> _DATA TO PROCESS_:
- Opening Delimiter -

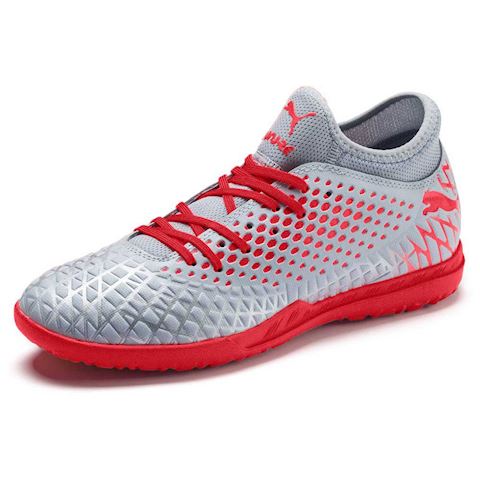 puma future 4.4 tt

- Closing Delimiter -
- Opening Delimiter -

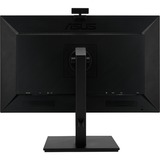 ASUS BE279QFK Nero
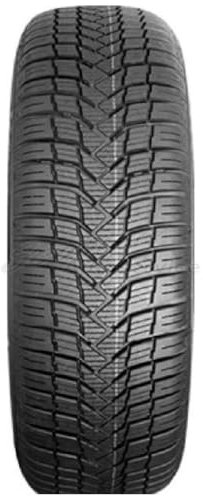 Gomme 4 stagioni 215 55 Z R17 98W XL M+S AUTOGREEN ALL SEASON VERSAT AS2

- Closing Delimiter -

> _PROBLEM TO SOLVE_: The answer is the lines of the material above, from the one containing "ASUS BE279QFK Nero" down to the one containing "Gomme 4 stagioni", given exactly and without images.

> _ANSWER SECTION_:
 ASUS BE279QFK Nero
 Gomme 4 stagioni 215 55 Z R17 98W XL M+S AUTOGREEN ALL SEASON VERSAT AS2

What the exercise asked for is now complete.